Why Chevron Corporation’s Stock Slid 10.9% in February

Silhouette of an offshore oil platform at sunset

What happened

Shares of Chevron Corporation (NYSE: CVX) sold off last month, falling nearly 11% after reporting disappointing fourth-quarter results amid a stock market sell-off.

So what

At first glance, Chevron’s fourth-quarter numbers looked good, with the oil giant earning $3.1 billion, or $1.64 per share. This was well ahead of the consensus estimate of $1.22 per share. However, the results included a $2 billion benefit from recent changes in the U.S. tax code. That masked weakness in the company’s international refining operations, which only pulled in $84 million of earnings last quarter, down from $357 million in the year-ago period.

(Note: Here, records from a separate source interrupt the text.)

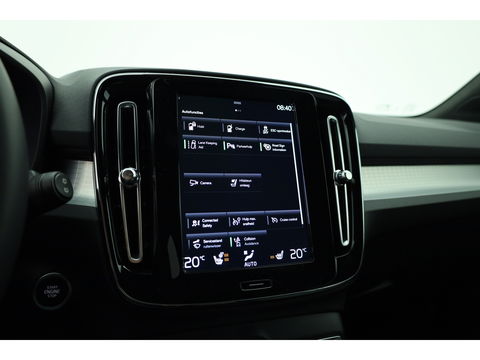Volvo XC40 T4 Recharge Plus Bright | Navi | Elek. Trekhaak | Pilot Assist | Camera | Stoel- Stuurverw.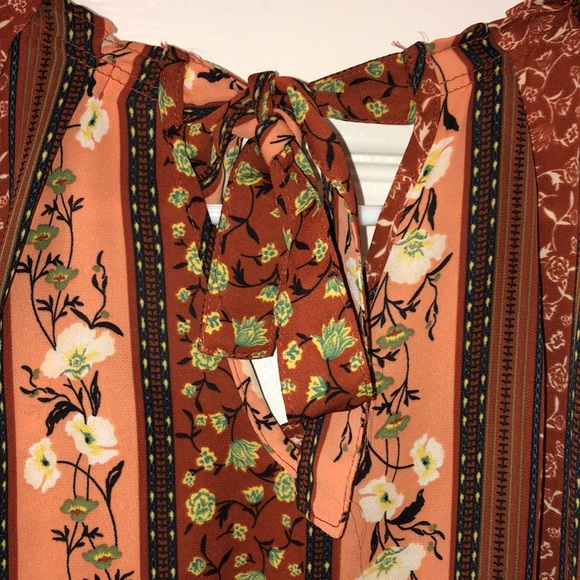 SOLD!   Lauren Conrad Blouse! Size Xl! 🥰 - Picture 5 of 6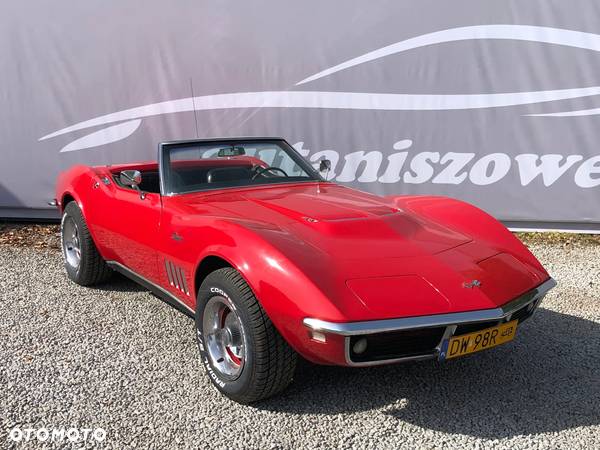 Chevrolet Corvette - 7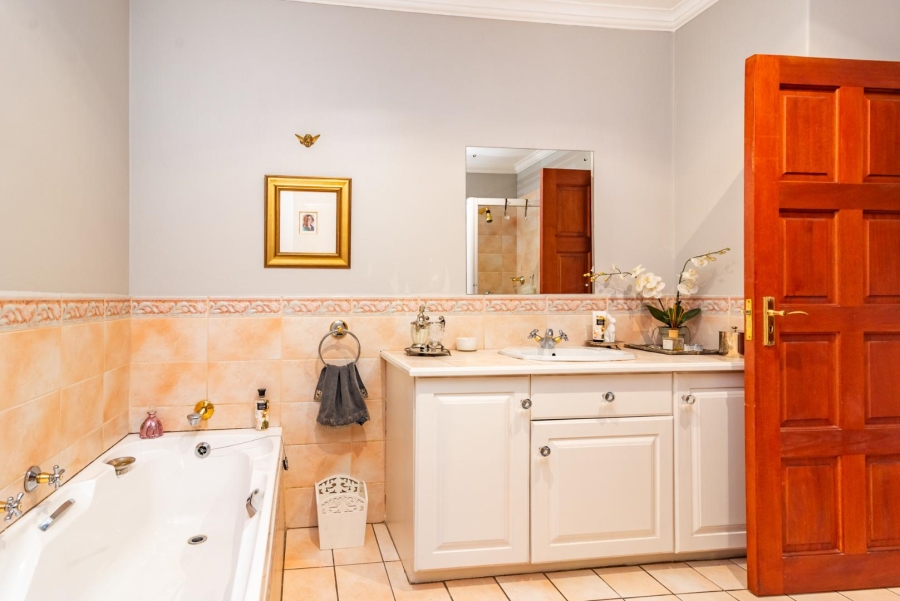 4 Bedroom Property for Sale in Helderkruin Gauteng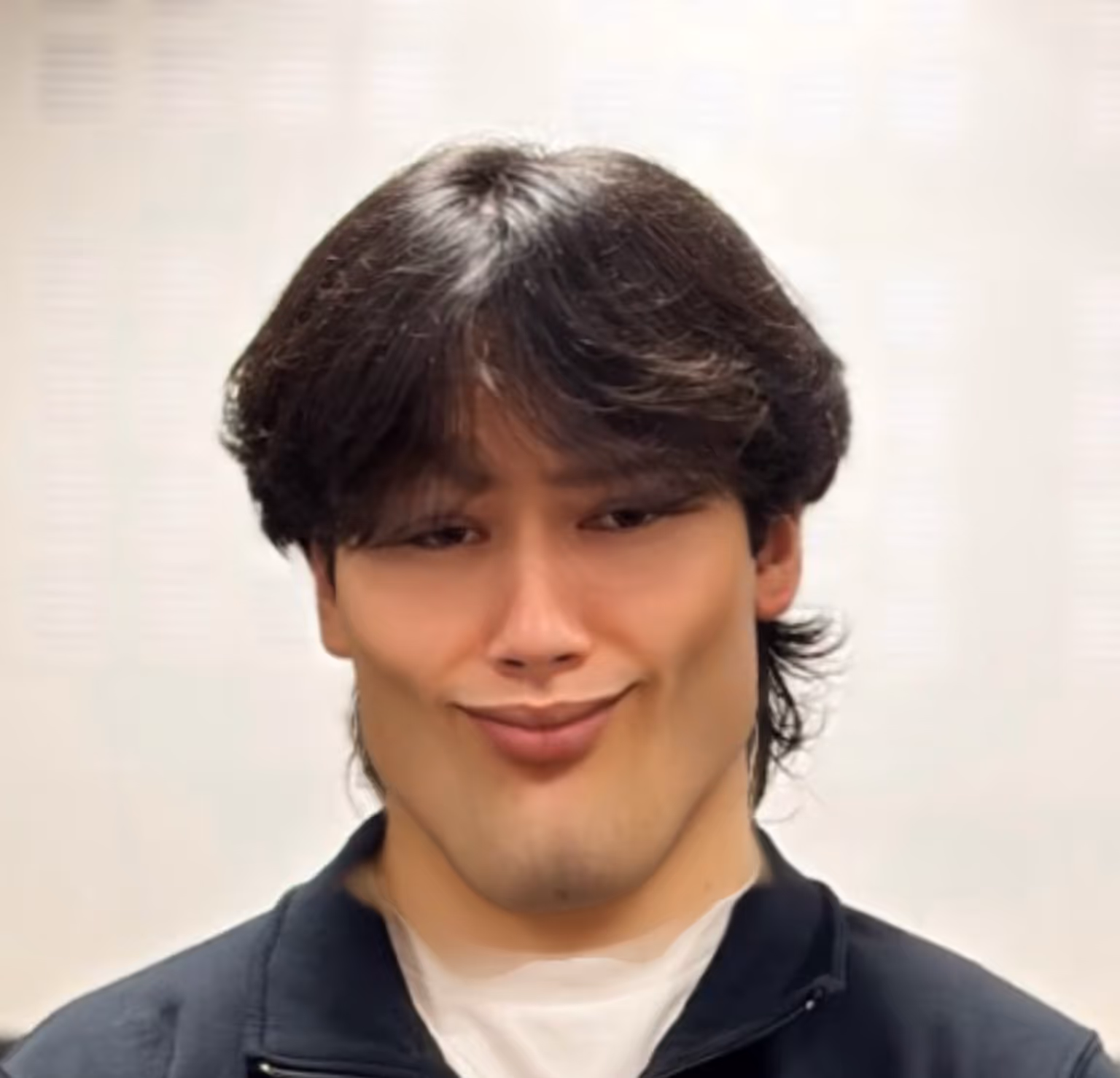 Portrait d'un jeune homme souriant avec une coupe de cheveux moderne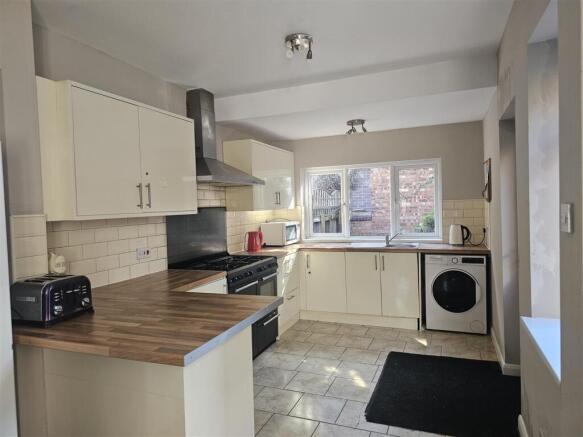 5 bed House Share to rent Image 9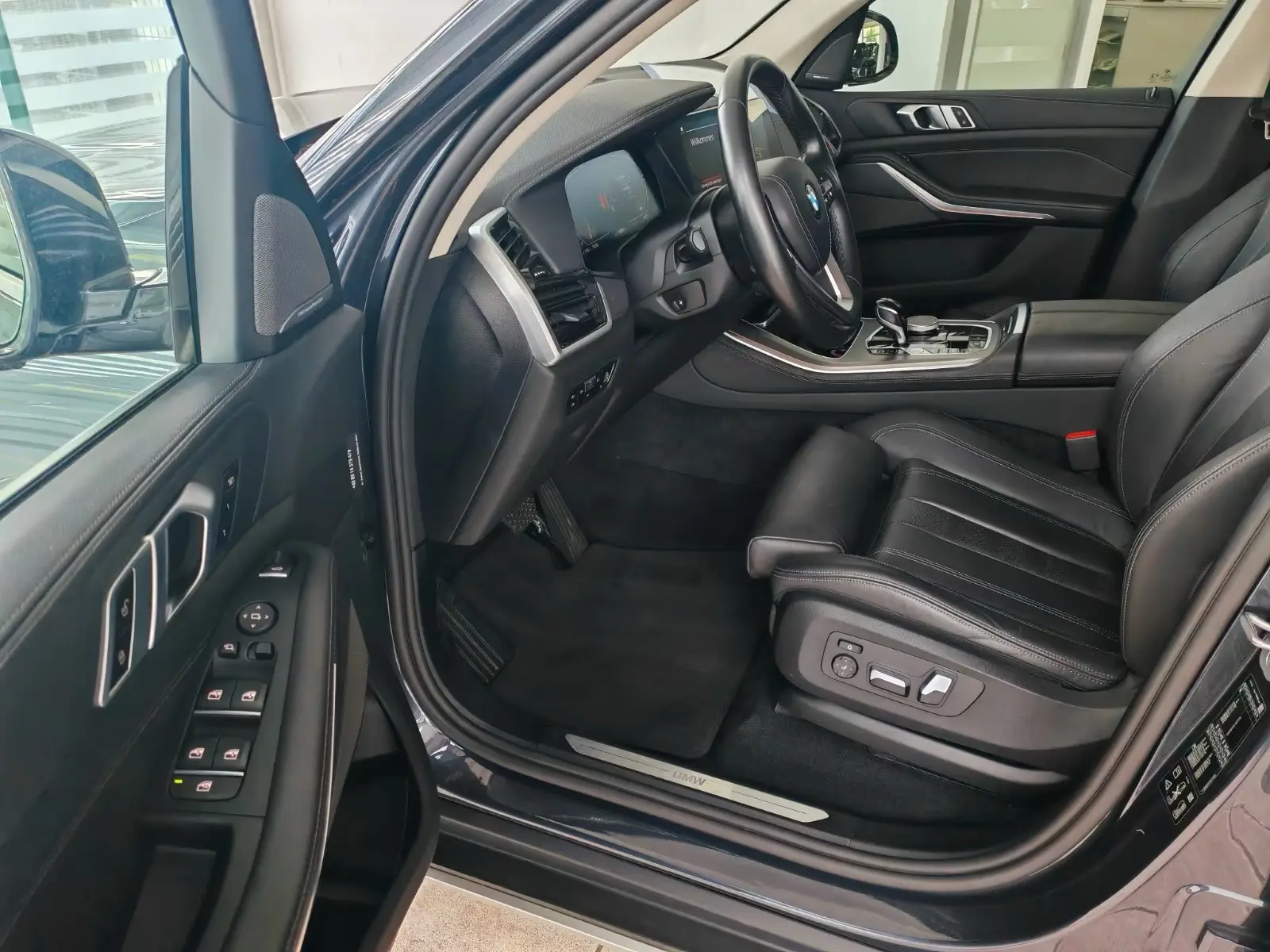 BMW X5 xD30d xLine – fotka 19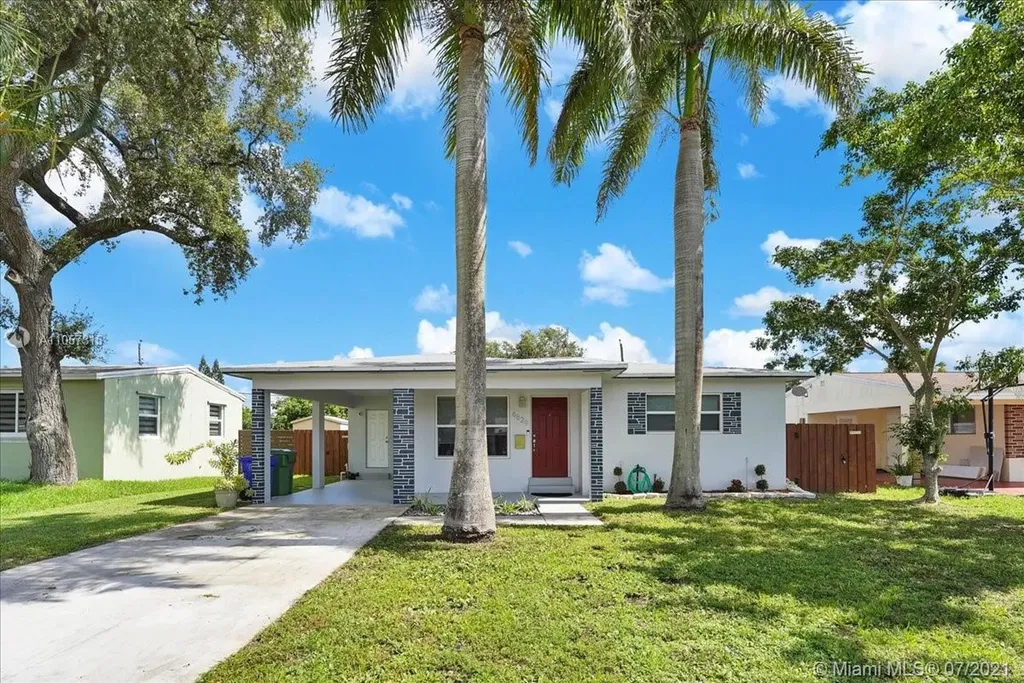 6829 SW 11th Street Pembroke Pines FL 33023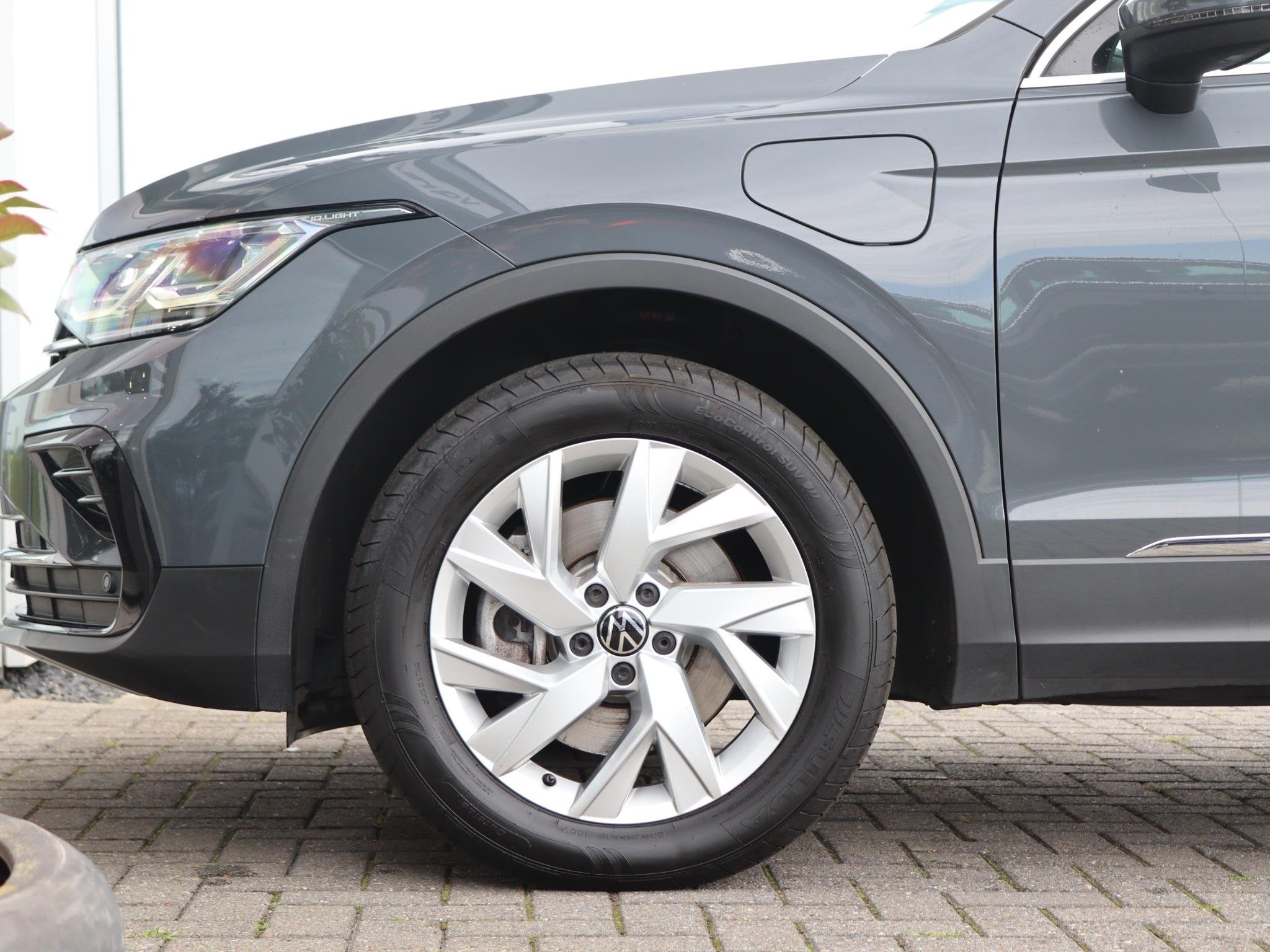 Volkswagen Tiguan 1.4 TSI 245 pk DSG eHybrid Elegance | Pano, 1716 kg, Stof, 4 cilinders, 150 pk
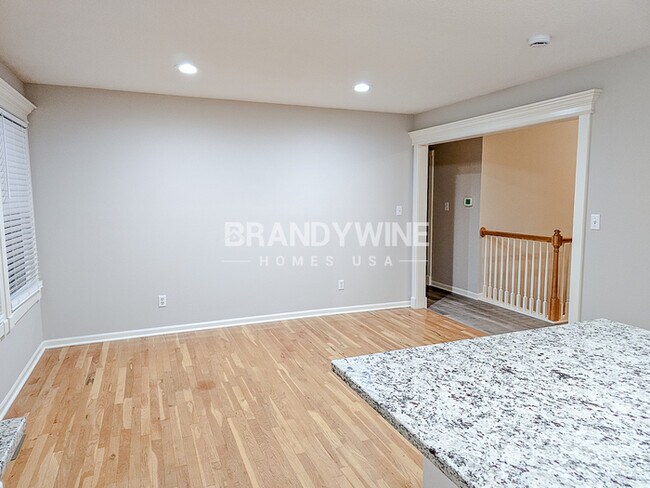Building Photo - NEW LOWER RENTAL RATE LEASING SPECIAL: Rec...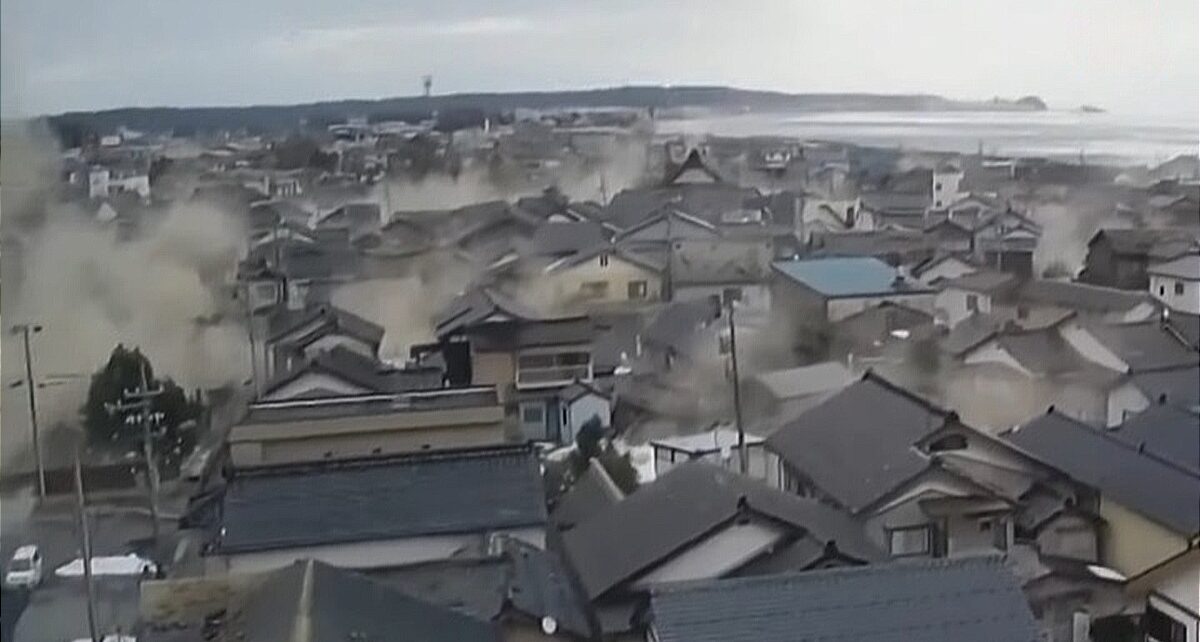 Japan Rocked by the 7.6 Magnitude Earthquake On The Noto Peninsula 1796 earthquake cleanup modified 1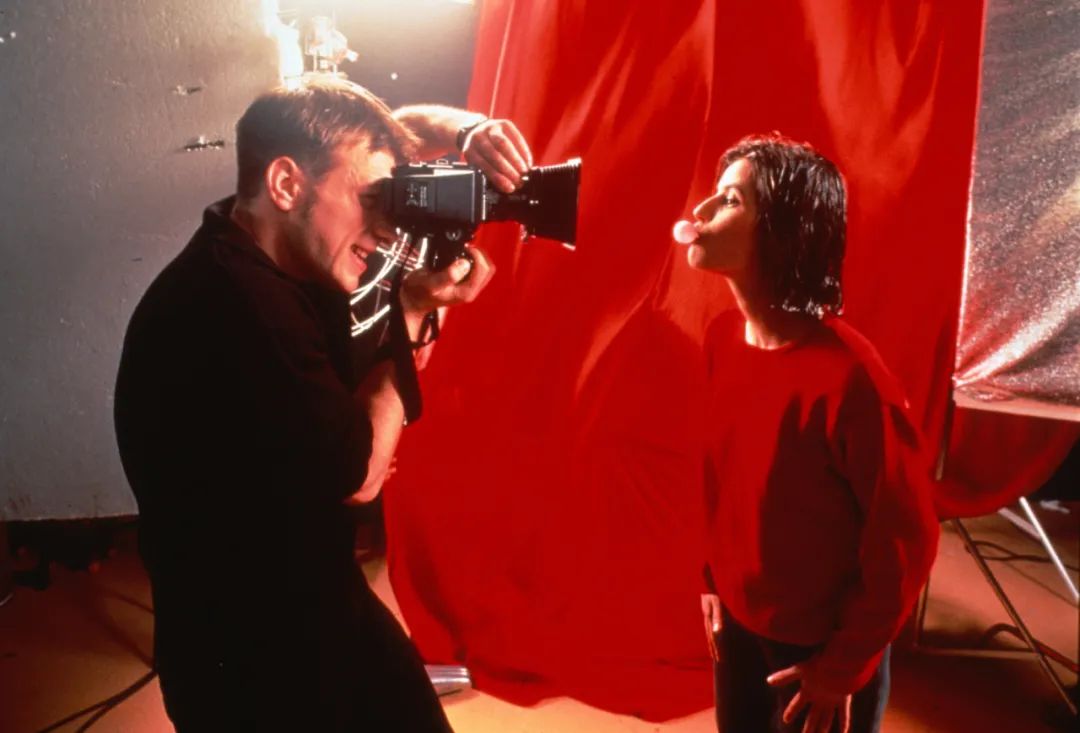 《低俗小说》能拿金棕榈，是戛纳在布局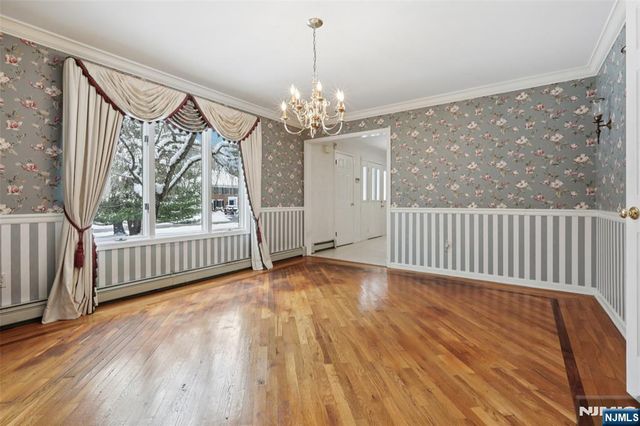 45 Lake Road, Upper Saddle River, NJ 07458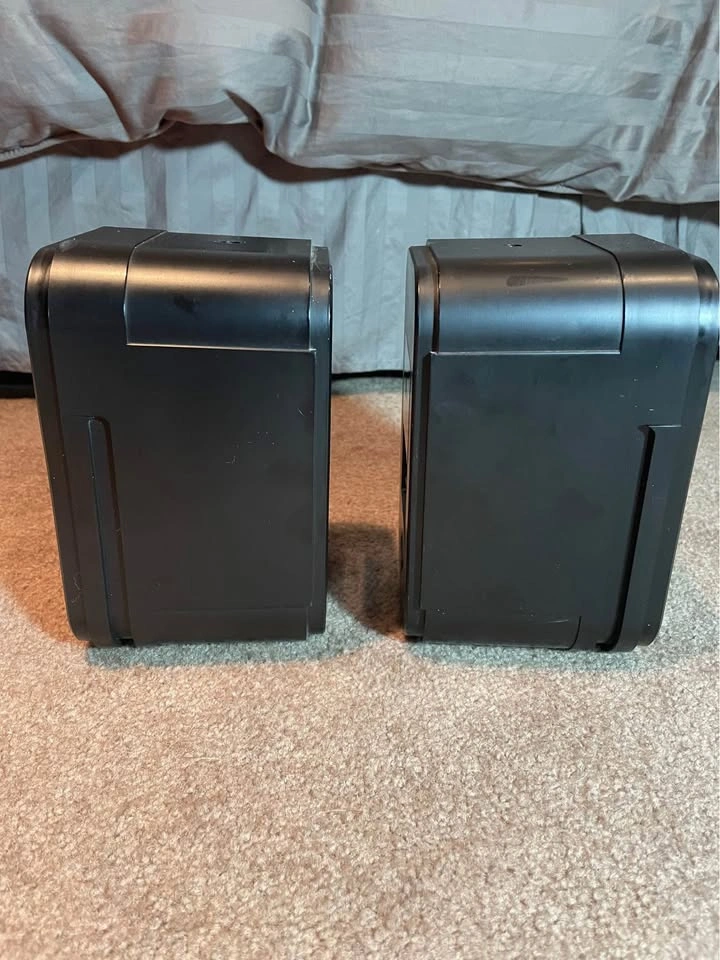 Pyramid Gold Series 3070 Monitor Surround Sound Speakers - photo 5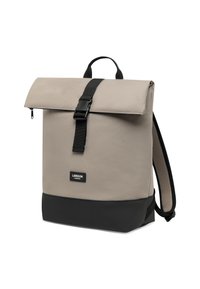 Beige ryggsäck med rulltoppen och svart botten, justerbara remmar och en framknäppning. Tillverkad av hållbart tyg och har en logopatch.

Those results came on the heels of an equally disappointing report from fellow oil giant ExxonMobil (NYSE: XOM). Those dual disappointments led analysts to trim their price targets on these big oil companies. Wells Fargo, for example, maintained its outperform rating on Chevron but cut its price target from $129 to $125, while tweaking its target for Exxon from $88 to $87. Meanwhile, Jefferies maintained its buy rating on Chevron but snipped its price target from $152 to $149 per share, while also adjusting Exxon’s from $90 to $88.

That said, analysts generally had a more favorable view on Chevron’s quarter than Exxon’s. That’s why, for example, Barclays upgraded Chevron from equal weight to overweight and raised its price target from $130 to $135, citing its belief that the company’s fundamentals are improving faster than its peers. That included Exxon, which it downgraded from overweight to underweight, while cutting its price target from $84 to $91. That upgrade was one reason Chevron managed to slightly outperform Exxon last month, which was a brutal one for the oil giant after it plunged 15%.

Now what

As a result of last month’s slide, Chevron is starting to become a very compelling stock for income seekers, especially after recently increasing its dividend 3.7%, which pushed its yield close to 4%. The oil giant firmly believes that the payout is on solid ground.

In fact, CEO Michael Wirth recently stated that “we intend to grow free cash flow in 2018 and thereafter…even with no commodity price appreciation.” Because of that, the company believes it can increase its dividend over time and could soon resume its share-repurchase program.